Short paper submissions must describe original and unpublished work. Please note that a short paper is not a shortened long paper. Instead short papers should have a point that can be made in a few pages. Some kinds of short papers are:

A small, focused contribution

A negative result

An opinion piece

An interesting application nugget

Short papers may consist of up to 4 pages of content, plus unlimited references. Upon acceptance, short papers will be given 5 content pages in the proceedings.
Authors are encouraged to use this additional page to address reviewers' comments in their final versions.

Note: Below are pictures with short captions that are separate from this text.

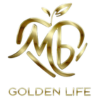 MB GOLDEN LIFE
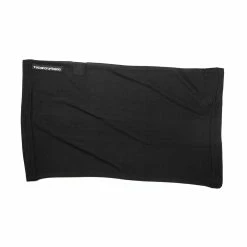 Wholesale ⌛ Accessories Tucano Urbano Collar Merlino 661 🔥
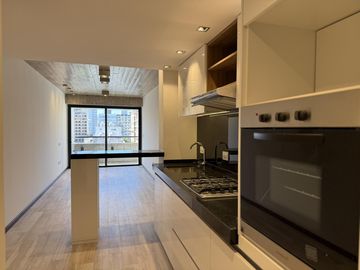 VENTA - 9 de Julio / Entre Ríos - 2 dorm C/ Patio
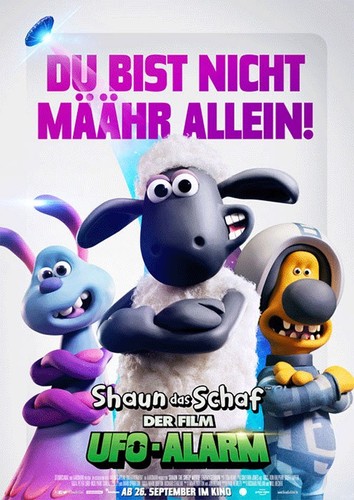 Original kinoplakat filmposter - original, kinoplakat/filmposter
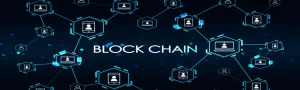 Top Blockchain Development Companies to Improve Your Business Efficiency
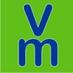 Visita Medellín (@visita_medellin) Twitter profile photo Visita Medellín (@visita_medellin) Twitter profile photo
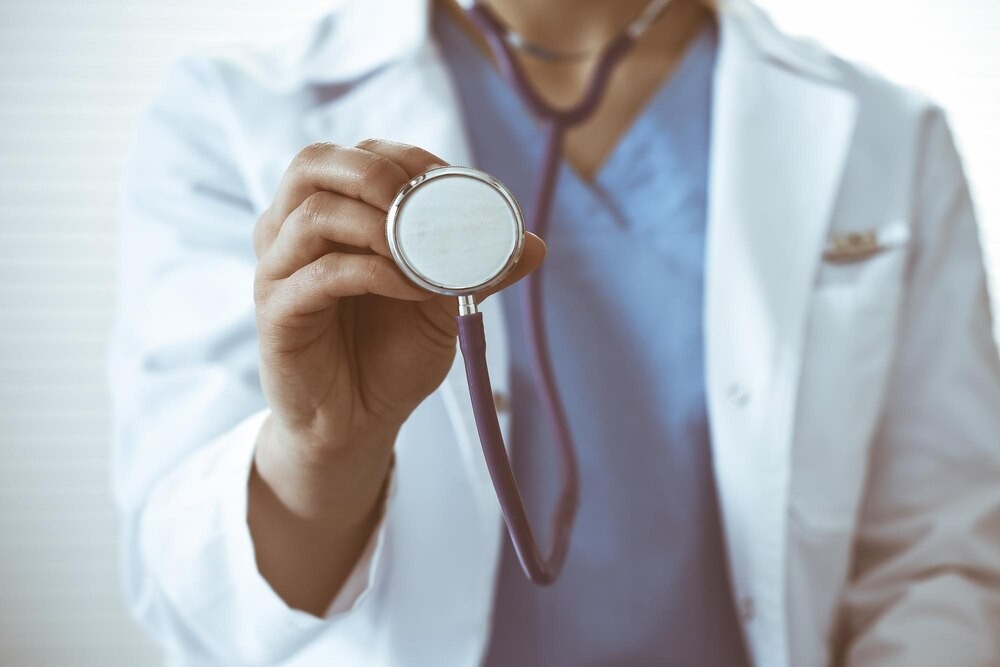 Kreatywny konkurs plastyczny promujący zdrowy styl życia w Malborku!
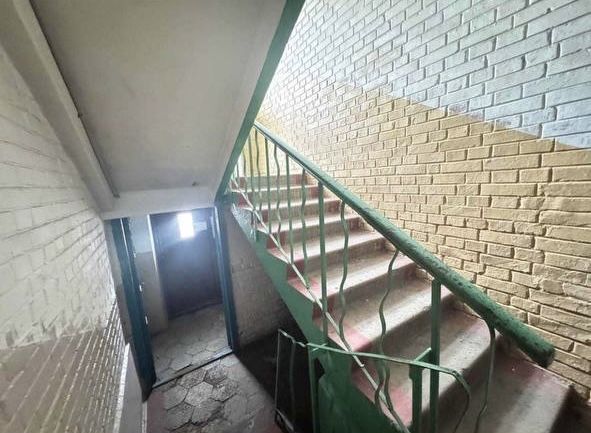 Квартира на вул. Дегтярівська, 28 в Києві, ID 278957, фото №4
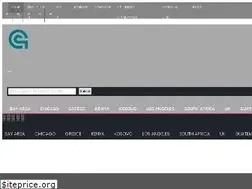 Sites similar to globalgirlmedia.org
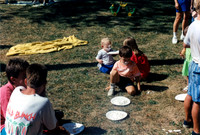 1991 Stakich Reunion-3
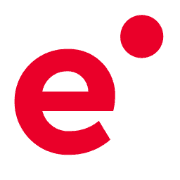 EOS Karriere Logo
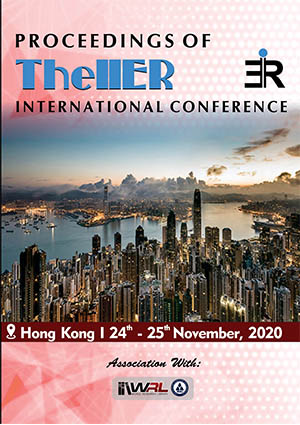 Conference Image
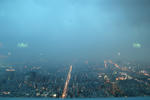 IMG_2393.JPG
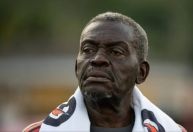 Morre Denir, histórico massagista do Flamengo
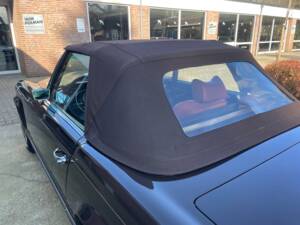 Image 23/25 of Mercedes-Benz 280 SL (1970)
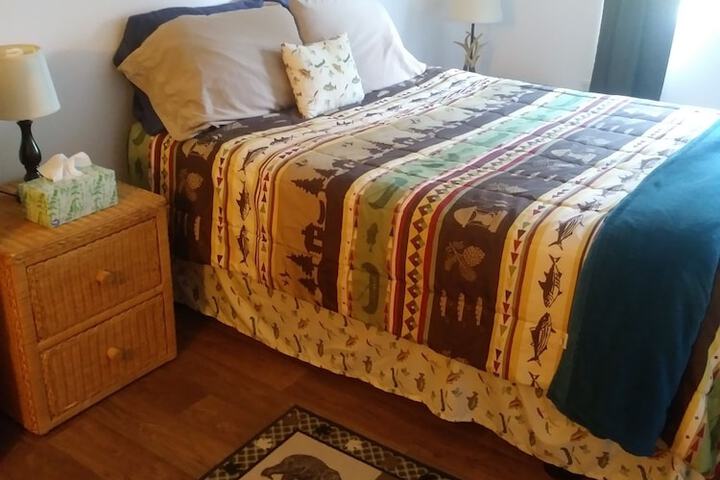 Room 11 of 44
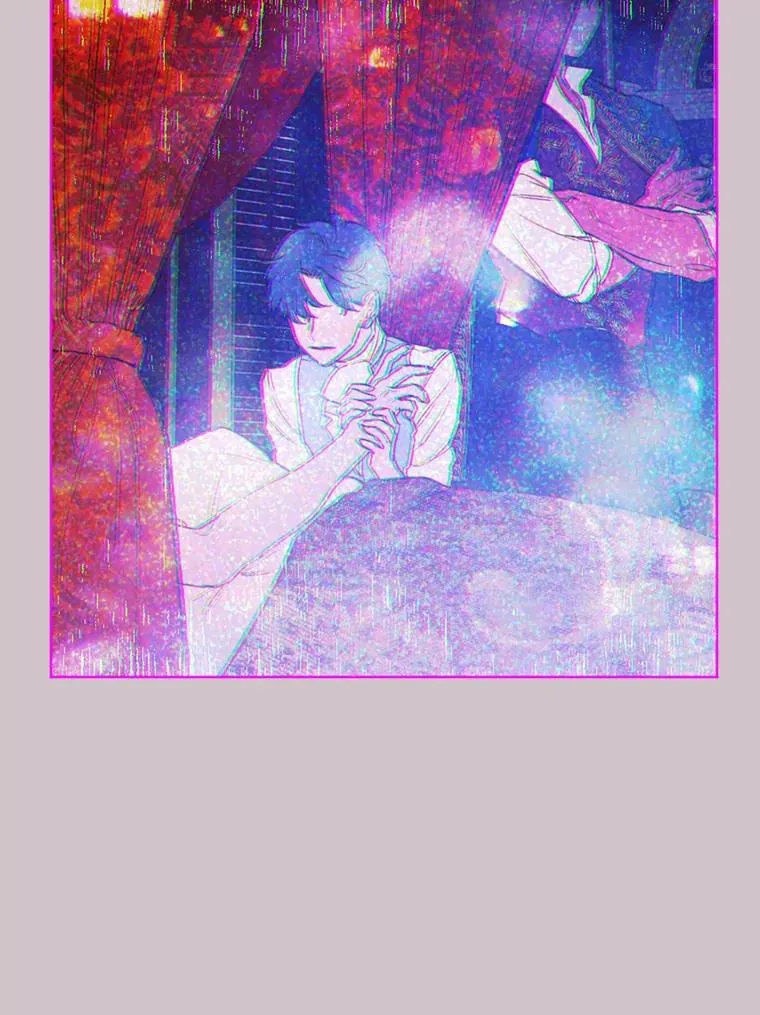 5.契约结婚 第92页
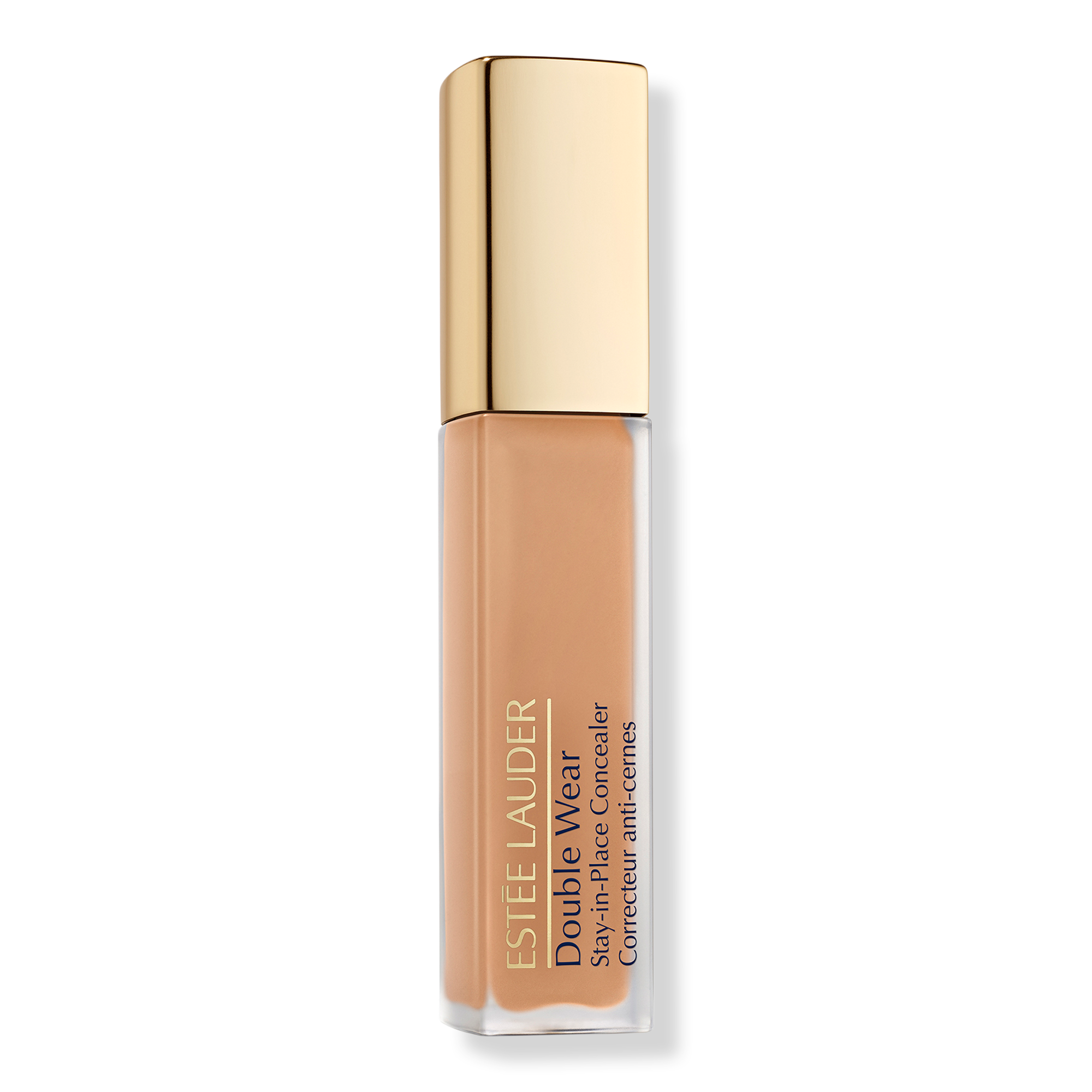 Estée Lauder Double Wear Stay-in-Place 24-Hour Concealer INTERNATIONAL SHIPPING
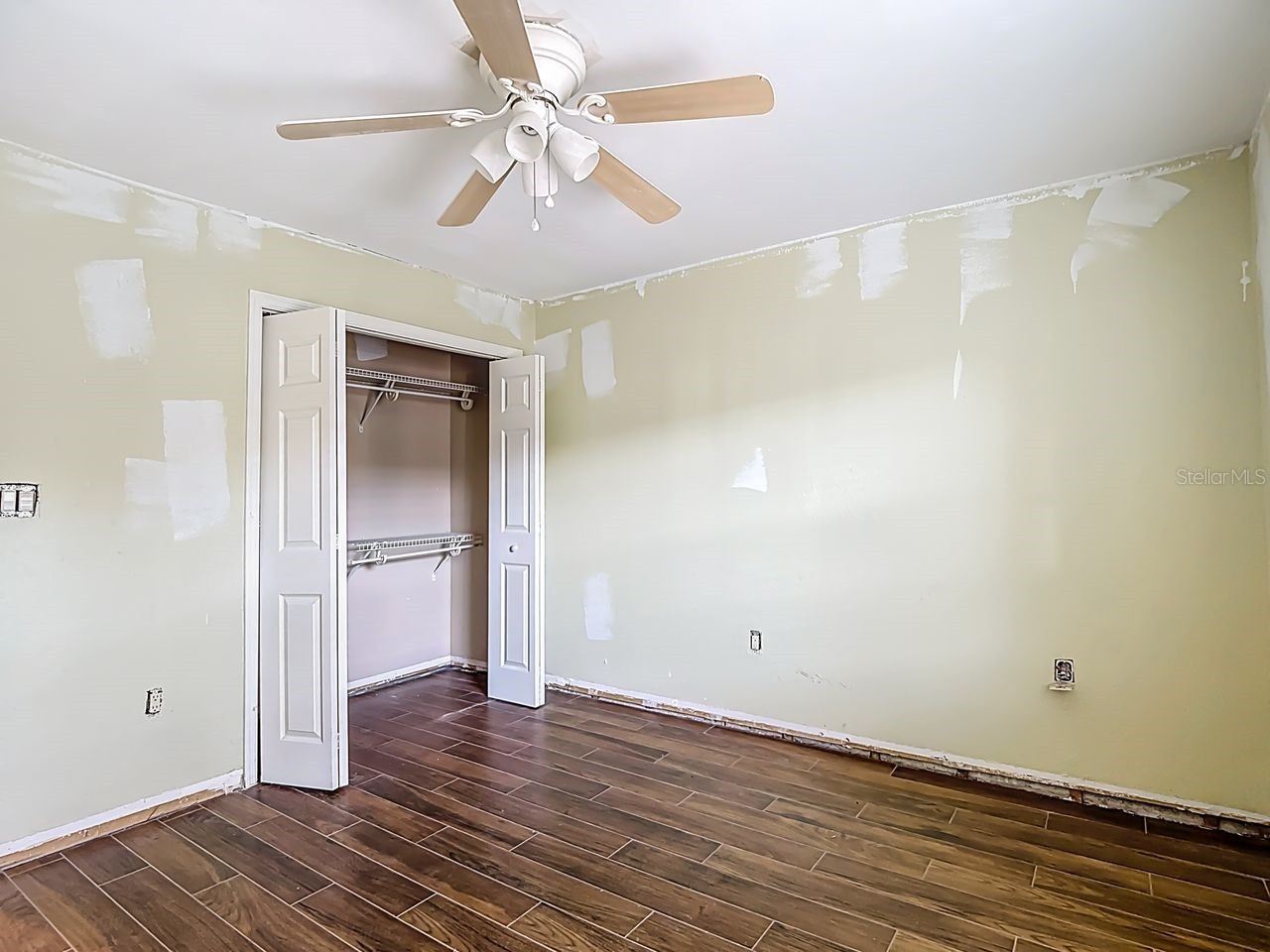 4325 Aegean Drive #204B Tampa FL 33611 TB8463804 image37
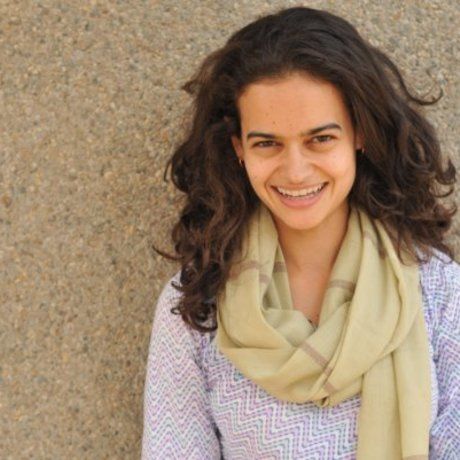 17542 673661185422 2294302 n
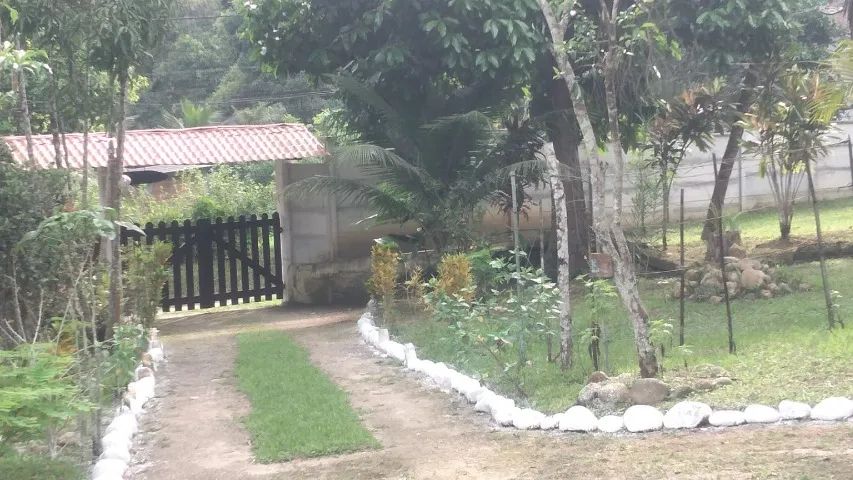 Chácara - Somente venda - Foto 3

Instructions for Double-Blind Review

As reviewing will be double blind, papers must not include authors' names and affiliations. Furthermore, self-references or links (such as github) that reveal the author's identity, e.g., "We previously showed (Smith, 1991) .." must be avoided. Instead, use citations such as "Smith previously showed (Smith, 1991) ..." Papers that do not conform to these requirements will be rejected without review.
Papers should not refer, for further detail, to documents that are not available to the reviewers. For example, do not omit or redact important citation information to preserve anonymity. Instead, use third person or named reference to this work, as described above ("Smith showed" rather than "we showed").
Papers may be accompanied by a resource (software and/or data) described in the paper, but these resources should be anonymized as well.

Authorship

The author list for submissions should include all (and only) individuals who made substantial contributions to the work presented. Each author listed on a submission to ICON 2021 will be notified of submissions, revisions and the final decision. No changes to the order or composition of authorship may be made to submissions to ICON 2021 after the paper submission deadline.

Paper Submission and Templates

Submission is electronic, using the Softconf START conference management system. The submission site is now available at https://www.softconf.com/icon2021/papers/

The deadline for submission of both long and short papers is 22 October, 2021 (GMT -12).

Both long and short papers must follow the ACL Author Guidelines

Style sheets (Latex, Word) are available here: https://acl2020.org/downloads/acl2020-templates.zip

The Overleaf template is also available here: https://www.overleaf.com/latex/templates/acl-2020-proceedings-template/zsrkcwjptpcd

Please do not modify these style files, or use templates designed for other conferences. Submissions that do not conform to the required styles, including paper size, margin width, and font size restrictions, will be rejected without review.